On dit souvent que la loi Leonetti est la meilleure ou en tout cas, la
moins mauvaise en ce qui concerne la fin de vie. Est-ce que vous pensez qu’il faut
réaménager cette loi comme le demandent certains ou au contraire tout simplement faire
en sorte qu’elle soit mieux appliquée ? La loi Leonetti, c’est une loi d’équilibre
et c’est une loi de liberté. Je pense que s’agissant de l’offre de soins, la loi Leonetti
a parfaitement répondue aux attentes. En revanche, je pense qu’il y a un débat qui
peine à s’ouvrir et qui est un débat honnête sur le front des questions d’aide à mourir,
de suicide assisté ou d’euthanasie et qu’en essayant de confondre le débat sur la
position de la médecine dans la fin de vie, on confond loi et éthique. Et la position
de la société vis-à-vis des demandes d’aide à mourir, ça, c’est à mon avis un débat
qui n’est pas ouvert. Je pense que les soins palliatifs sont la réponse médicale
aux problèmes de fin de vie et qu’en cela, on a une offre qui est satisfaisante et
qui reste à développer davantage car elle est encore insuffisamment développée. Après,
on a une vraie question qui est une question d’ordre social qui ne concerne pas la
médecine en tant que telle. Lorsque les citoyens demanderaient à être aidé à mourir
quand ils le trouveraient opportun de le faire, est-ce que la société accepterait
d’organiser, de planifier la mise à mort d’une certaine partie de sa population ?
Et du coup, ça, c’est un sacré débat. Il est social et je trouve qu’à force de contourner
la question, de la confondre avec des questions d’ordre plus médicale, finalement
on a un peu un sentiment d’enlisement et peut-être de confusion qui ne permet pas
d’avancer.
Vous faites partie du collectif « Plus digne la vie » qui rassemble
de nombreux professeurs, chercheurs et intellectuels. Quel regard portez-vous sur
l’évolution de ces lois bioéthiques en France concernant la fin de vie ? On sait qu’il
y a beaucoup d’inquiétude, par exemple quand on regarde la Belgique. Est-ce que vous
pensez qu’on peut arriver à ces extrêmes en France ? L’essence du collectif,
c’est vraiment d’alerter effectivement sur les risques de dérives et de remettre le
débat là où il doit être, c’est-à-dire au cœur de l’espace public, de l’espace social.
Il y a pas mal d’avancées qui ont été faites avec les conférences citoyennes, etc.

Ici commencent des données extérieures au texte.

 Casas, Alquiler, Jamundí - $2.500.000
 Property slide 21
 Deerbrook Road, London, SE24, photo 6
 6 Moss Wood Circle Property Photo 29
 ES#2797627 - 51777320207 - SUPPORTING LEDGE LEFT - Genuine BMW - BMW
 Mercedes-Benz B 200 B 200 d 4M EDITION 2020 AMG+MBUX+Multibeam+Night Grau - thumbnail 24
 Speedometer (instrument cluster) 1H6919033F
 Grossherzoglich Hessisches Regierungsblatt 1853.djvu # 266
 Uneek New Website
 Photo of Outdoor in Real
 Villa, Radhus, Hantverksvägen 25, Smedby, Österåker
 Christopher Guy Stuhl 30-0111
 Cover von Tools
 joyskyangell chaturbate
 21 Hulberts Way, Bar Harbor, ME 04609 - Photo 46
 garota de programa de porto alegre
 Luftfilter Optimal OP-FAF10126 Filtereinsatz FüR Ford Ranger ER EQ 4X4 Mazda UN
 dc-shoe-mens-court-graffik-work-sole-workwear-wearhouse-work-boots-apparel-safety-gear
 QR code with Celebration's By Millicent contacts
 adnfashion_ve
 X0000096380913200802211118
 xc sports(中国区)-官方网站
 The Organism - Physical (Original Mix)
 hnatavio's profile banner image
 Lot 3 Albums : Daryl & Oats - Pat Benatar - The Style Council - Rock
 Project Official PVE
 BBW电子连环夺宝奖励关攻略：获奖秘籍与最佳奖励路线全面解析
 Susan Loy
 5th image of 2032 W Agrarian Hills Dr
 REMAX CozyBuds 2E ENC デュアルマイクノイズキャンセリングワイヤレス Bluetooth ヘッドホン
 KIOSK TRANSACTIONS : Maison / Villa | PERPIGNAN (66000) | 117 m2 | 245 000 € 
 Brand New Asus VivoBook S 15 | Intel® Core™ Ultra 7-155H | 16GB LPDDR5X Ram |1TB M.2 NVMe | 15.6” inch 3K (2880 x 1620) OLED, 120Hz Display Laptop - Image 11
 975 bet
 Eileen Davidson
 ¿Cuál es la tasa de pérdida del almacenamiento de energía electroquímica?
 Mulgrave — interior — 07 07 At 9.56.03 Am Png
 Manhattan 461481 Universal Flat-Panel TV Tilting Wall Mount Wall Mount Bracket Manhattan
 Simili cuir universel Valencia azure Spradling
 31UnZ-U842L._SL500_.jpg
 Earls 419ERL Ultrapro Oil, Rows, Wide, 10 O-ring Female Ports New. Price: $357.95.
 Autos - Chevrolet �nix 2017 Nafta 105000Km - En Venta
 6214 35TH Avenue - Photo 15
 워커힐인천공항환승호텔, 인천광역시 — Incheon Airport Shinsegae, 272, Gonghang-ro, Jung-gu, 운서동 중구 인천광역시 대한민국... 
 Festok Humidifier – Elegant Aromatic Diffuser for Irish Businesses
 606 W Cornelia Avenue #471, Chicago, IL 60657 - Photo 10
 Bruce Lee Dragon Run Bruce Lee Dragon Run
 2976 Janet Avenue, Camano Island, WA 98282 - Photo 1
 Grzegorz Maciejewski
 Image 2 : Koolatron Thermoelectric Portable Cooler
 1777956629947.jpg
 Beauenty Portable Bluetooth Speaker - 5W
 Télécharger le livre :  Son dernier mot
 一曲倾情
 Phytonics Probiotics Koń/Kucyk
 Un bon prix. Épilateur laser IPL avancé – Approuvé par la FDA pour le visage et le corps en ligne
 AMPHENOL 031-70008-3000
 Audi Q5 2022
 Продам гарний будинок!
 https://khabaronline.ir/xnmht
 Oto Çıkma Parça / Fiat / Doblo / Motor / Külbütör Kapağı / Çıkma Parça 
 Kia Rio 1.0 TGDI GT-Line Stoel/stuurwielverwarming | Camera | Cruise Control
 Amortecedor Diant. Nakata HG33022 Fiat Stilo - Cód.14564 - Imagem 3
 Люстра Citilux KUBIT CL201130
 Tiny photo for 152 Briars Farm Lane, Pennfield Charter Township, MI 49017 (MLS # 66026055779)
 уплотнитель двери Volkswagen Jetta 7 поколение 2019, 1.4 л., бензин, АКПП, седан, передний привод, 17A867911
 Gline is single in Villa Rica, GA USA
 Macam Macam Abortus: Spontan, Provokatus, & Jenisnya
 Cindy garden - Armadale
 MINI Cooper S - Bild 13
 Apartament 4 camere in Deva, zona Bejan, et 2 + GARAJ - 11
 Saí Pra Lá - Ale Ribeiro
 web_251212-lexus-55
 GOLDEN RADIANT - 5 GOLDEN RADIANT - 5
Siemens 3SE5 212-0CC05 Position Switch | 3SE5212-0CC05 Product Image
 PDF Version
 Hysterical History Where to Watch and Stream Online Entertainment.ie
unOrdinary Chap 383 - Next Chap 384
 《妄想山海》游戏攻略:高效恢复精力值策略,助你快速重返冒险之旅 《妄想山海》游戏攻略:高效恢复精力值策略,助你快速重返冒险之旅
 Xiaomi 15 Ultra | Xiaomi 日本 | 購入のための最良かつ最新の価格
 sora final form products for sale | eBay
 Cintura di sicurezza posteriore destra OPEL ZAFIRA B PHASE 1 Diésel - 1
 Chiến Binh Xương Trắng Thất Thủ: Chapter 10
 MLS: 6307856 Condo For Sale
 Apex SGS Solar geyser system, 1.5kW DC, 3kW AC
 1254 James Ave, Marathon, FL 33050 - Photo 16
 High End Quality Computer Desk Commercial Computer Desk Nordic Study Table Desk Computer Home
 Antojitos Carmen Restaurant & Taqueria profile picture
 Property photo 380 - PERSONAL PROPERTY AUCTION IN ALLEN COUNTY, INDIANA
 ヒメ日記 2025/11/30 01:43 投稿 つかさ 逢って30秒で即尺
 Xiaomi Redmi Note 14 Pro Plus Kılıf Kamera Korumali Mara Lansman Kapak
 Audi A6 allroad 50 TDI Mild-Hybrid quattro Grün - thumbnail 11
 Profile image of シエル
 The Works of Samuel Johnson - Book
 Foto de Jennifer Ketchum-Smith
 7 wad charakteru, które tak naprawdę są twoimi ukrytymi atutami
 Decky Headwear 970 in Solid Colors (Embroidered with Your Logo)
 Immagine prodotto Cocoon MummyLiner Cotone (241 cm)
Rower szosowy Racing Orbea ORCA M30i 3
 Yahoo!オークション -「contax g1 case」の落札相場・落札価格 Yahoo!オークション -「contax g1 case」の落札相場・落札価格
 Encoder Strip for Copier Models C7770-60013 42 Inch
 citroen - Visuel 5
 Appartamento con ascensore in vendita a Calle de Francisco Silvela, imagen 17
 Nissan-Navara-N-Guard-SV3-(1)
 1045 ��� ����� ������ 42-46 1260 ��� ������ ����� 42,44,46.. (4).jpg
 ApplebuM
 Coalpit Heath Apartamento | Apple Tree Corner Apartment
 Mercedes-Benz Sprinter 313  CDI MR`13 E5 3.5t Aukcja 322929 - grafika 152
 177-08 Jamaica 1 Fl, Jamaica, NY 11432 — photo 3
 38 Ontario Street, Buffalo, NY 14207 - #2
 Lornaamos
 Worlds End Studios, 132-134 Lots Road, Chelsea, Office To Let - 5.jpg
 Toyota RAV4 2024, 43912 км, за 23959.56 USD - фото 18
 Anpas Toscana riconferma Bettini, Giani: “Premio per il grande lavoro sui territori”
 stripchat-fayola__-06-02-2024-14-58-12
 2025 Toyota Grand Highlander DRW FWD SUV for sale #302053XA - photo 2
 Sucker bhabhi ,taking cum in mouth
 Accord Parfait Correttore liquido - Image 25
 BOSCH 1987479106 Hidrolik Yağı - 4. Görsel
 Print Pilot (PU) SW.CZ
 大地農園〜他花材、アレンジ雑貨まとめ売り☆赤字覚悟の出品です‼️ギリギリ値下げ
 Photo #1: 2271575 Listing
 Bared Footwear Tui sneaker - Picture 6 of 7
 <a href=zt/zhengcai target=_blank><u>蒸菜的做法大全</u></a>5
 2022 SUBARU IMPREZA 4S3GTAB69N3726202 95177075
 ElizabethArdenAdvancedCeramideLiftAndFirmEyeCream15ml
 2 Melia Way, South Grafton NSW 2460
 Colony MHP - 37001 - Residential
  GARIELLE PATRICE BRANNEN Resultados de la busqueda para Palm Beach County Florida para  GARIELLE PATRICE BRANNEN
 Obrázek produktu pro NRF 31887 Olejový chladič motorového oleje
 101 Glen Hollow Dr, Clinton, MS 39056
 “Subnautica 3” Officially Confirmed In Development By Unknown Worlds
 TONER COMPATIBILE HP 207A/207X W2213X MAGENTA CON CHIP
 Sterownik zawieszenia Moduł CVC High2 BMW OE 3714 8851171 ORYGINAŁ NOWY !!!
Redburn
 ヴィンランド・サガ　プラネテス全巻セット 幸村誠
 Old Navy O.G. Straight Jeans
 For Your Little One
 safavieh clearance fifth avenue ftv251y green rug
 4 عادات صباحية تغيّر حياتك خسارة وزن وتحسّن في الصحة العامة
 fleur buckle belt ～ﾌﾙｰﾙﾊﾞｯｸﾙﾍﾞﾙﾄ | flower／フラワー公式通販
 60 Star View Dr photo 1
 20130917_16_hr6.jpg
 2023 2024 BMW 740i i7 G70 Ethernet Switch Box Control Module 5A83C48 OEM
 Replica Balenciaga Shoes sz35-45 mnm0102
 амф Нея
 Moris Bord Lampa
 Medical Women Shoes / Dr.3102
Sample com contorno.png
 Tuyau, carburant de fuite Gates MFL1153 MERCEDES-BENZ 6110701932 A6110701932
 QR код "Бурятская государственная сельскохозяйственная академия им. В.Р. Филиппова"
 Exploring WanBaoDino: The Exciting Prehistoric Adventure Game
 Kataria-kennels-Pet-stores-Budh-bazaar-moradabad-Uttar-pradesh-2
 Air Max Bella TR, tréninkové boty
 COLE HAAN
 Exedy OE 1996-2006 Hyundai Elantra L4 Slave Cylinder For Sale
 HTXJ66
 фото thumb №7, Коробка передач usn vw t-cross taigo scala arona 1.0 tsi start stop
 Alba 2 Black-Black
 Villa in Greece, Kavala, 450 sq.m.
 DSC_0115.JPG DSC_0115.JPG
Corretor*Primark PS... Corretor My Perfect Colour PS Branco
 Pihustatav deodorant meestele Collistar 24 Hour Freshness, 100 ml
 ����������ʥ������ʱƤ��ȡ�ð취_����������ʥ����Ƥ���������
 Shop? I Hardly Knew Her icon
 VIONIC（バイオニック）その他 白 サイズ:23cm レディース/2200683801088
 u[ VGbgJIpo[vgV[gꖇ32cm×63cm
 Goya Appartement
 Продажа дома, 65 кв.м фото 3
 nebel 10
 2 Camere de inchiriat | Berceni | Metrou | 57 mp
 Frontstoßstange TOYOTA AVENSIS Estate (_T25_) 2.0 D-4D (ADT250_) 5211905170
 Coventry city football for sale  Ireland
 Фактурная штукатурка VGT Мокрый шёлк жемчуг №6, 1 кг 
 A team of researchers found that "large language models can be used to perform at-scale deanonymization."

Je pense que la procédure n’est pas aboutie. Est-ce qu’il y a des risques de dérives
en France comme celles qui semblent émerger en Belgique ? Oui, je pense qu’on est
dans une situation où les opinions sont très sensibles, très fragiles, très inquiètes
du contexte général et que ça, ça peut donner l’impression que des solutions simples
comme l’euthanasie pour ne pas dire des solutions simplistes répondent à des grandes
questions de l’humanité, des questions qu’on a connues de tout temps et qui sont la
source des angoisses humaines auxquelles chaque époque a essayé de répondre du mieux
qu’il pouvait. Le mieux qu’il pouvait n’étant pas forcément le mieux tout court.
Vous
pensez que le législateur courre un risque d’une fuite en avant ? Le législateur,
dans une société qui va très vite courre toujours le risque d’une fuite en avant sur
des sujets qui méritent de prendre du temps.